The Institute of Guidance Counselors’ Code consists of four overall ethical principles that subsume a number of specific ethical standards:
Principle 1. Respect for the rights and dignity of the client
Guidance counselors honor and promote the fundamental rights, moral and cultural values, dignity, and worth of clients. They respect clients’ rights to privacy, confidentiality, self-determination and autonomy, consistent with the law. As far as possible, they ensure that the client understands and consents to whatever professional action they propose.
Principle 2: Competence
Guidance counselors maintain and update their professional skills. They recognize the limits of their expertise, engage in self-care, and seek support and supervision to maintain the standard of their work. They offer only those services for which they are qualified by education, training, and experience.

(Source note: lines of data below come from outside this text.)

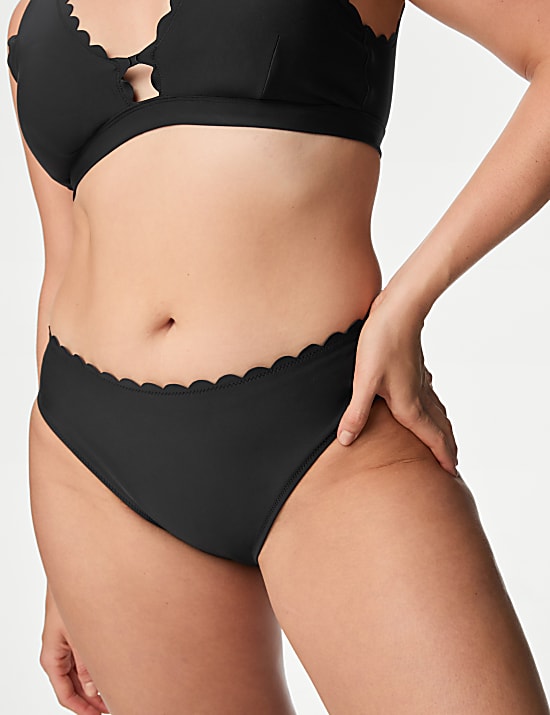 Neoprene Scallop High Leg Bikini Bottoms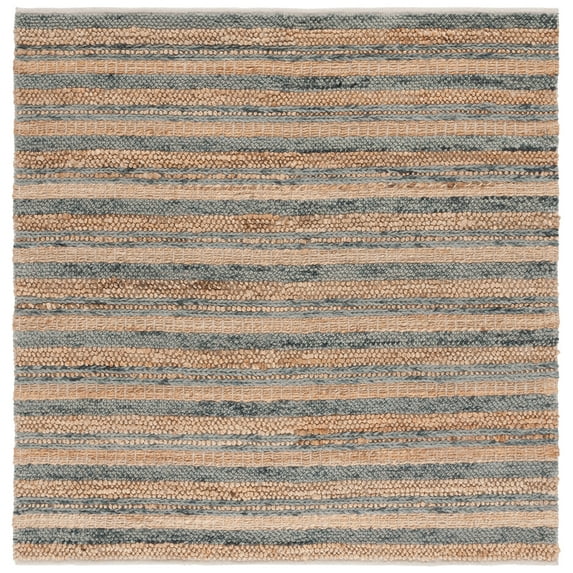 SAFAVIEH Natura Alecia Striped Area Rug, Natural/Gray, 6' x 6' Square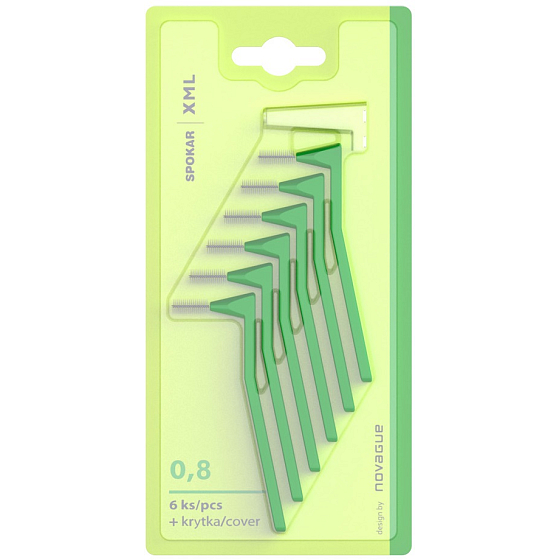 Spokar XML 0,8 mm Interdentalbürsten 6 Stück + 1 Stück Abdeckung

Principle 3: Responsibility
Guidance counselors are aware of their professional responsibility to act in a trustworthy, reputable, and accountable manner toward clients, colleagues, and the community in which they work and live. They avoid doing harm, take responsibility for their professional actions, and adopt a systematic approach to resolving ethical dilemmas.
Principle 4: Integrity
Guidance counselors seek to promote integrity in their practice. They represent themselves accurately and treat others with honesty, straightforwardness, and fairness. They deal actively with conflicts of interest, avoid exploiting others, and are alert to inappropriate behavior on the part of colleagues.
Many other similar codes exist with the same expectations for ethical conduct. The fundamental principles include the following:
- Respecting human rights and dignity
- Respect for the client’s right to be self-governing
- A commitment to promoting the client’s well-being
- Fostering responsible caring
- Fair treatment of all clients and the provision of adequate services
- Equal opportunity to clients availing counseling services
- Ensuring the integrity of a practitioner-client relationship
- Fostering the practitioner’s self-knowledge and care for self
- Enhancing the quality of professional knowledge and its application
- Responsibility to the society
The Code of Ethics goes into specifics to detail professional behavior from respect for fundamental rights, moral and cultural values, dignity and worth of clients to respect for rights to privacy, confidentiality, self-determination and autonomy, consistent with the law, and ensuring that the client understands and consents to whatever professional action they propose. Hence, Codes define parameters for general respect, privacy and confidentiality, informed consent and freedom of consent, and recognition of limits of competence.